Les états statistiques n’expriment pas la totalité de la consistance légale initiale. “Ces documents ne font toutefois référence qu’à la puissance effectivement utilisée par les installations de l’époque, à savoir deux paires de meules. Que ces données ne suffisent pas à établir l’étendue du droit attaché à ce moulin qui résulte de la hauteur de chute d’eau et du débit maxi”.

Dans un courrier très récent, une DDT répond à un pétitionnaire qui a calculé sa puissance maximale brute (PMB) à 6m3/s : « puissance maximale brute ; revoir le calcul en s’appuyant sur les données de l’état statistique de 1936 à 0,93m3/s ».

L’administration déclare qu’elle n’a pas d’archives, mais elle n’hésite pas à les utiliser dans des références erronées. Ces approximations sont hélas très fréquentes.
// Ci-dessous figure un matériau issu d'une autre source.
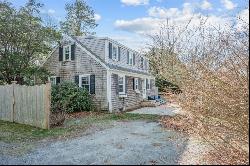 17 Miles Street, Harwich, MA 02646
En clair, les états statistiques du 19ème siècle et les « états de taxe de statistiques » du 20ème siècle peuvent être des éléments d’appréciation intéressants, mais qui ne lient en aucun cas le propriétaire actuel sur l’usage que faisait son lointain prédécesseur de la force motrice de l’eau en fonction de ses besoins propres. Est-ce bien clair ?

Par contre, si un règlement d’eau a été défini à l’époque, le modifier ne peut se faire qu’avec l’accord de l’administration à l’issue d’un dépôt de dossier.

Sans l’existence d’un règlement d’eau, le pétitionnaire maintient son calcul tel que présenté à 6m3/s aux fins que le préfet lui en accorde un. Point !

Point à épiloguer à l’amiable 1 mois, 12 mois ...ou 4 ans au tribunal administratif pour que la lecture de la loi soit enfin respectée.

Conclusion

La stratégie que nous conseillons  dans le strict respect de la loi est très simple dans sa méthodologie :

1)    Reconnaissance de l’antériorité du droit d’eau par la DDT: c’est ce que l’on nomme « l’existence légale » (qui ne renseigne cependant pas sur ce que l’usinier peut disposer en termes de force motrice). En clair : vous avez le permis de conduire (conditionnel) un véhicule terrestre à moteur, c’est-à-dire votre voiture.

2)    Définition de la consistance légale de ce droit d’eau reconnu ci-dessus (qui précise  ce dont l’usiner peut disposer). En clair : quelle est la puissance calculée de votre voiture, confirmée sur la carte grise.

Dernier message : pas de carte grise pour votre voiture ni pour votre moulin ni pour votre étang = valeur à la casse de votre bien mobilier ou immobilier.